La morphologie des télévisions de proximité a déjà beaucoup changé au fil des décennies. De média communautaire, les chaînes locales se sont peu à peu muées en télévisions régionales, voire provinciales. L’écart entre elles et la RTBF qui, à côté des informations nationales et internationales, couvre déjà l’actualité locale, et possède même des antennes dans certaines villes provinciales, s’est réduite. Ces chaînes télévisées ont même un autre point commun: la ministre libérale leur demande de se serrer la ceinture.

«Les télévisions de proximité sont clairement plutôt un concept de gauche lié à la culture telle qu’on la voit au PS ou chez Ecolo, commente le professeur de l’UCLouvain.

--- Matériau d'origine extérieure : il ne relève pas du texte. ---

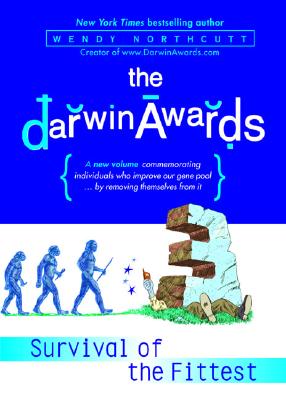 The Darwin Awards III: Survival of the Fittest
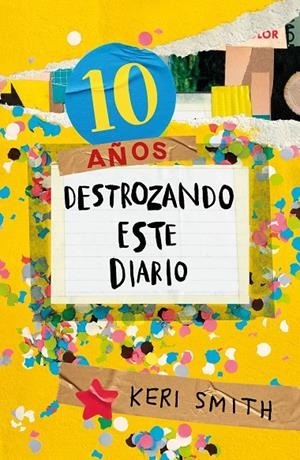 Destroza este diario. Ahora a todo color (10 años destrozando este diario) | Smith, Keri | Llibreria La Figaflor - Abrera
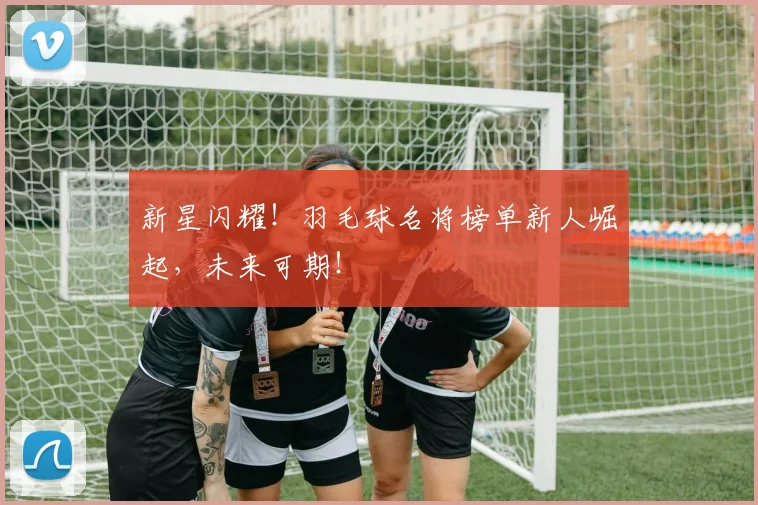 新星闪耀!羽毛球名将榜单新人崛起,未来可期!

On demande de faire des économies, mais le but est avant tout idéologique par rapport à ce que représentent la RTBF et les télévisions de proximité.» Selon lui, il est souvent reproché aux télévisions locales leur proximité avec le pouvoir politique en place, lequel n’est pas forcément le même qu’à l’échelle régionale ou fédérale. «Plus on met de distance entre les élus et les médias de proximité, plus on les inscrit dans des tendances qui ne sont plus celles liées au fief politique dans lesquels ils sont ancrés», commente Frédéric Antoine.

Contacté par Le Vif, le Réseau des Médias de proximité n’a pas souhaité faire de commentaire à ce stade.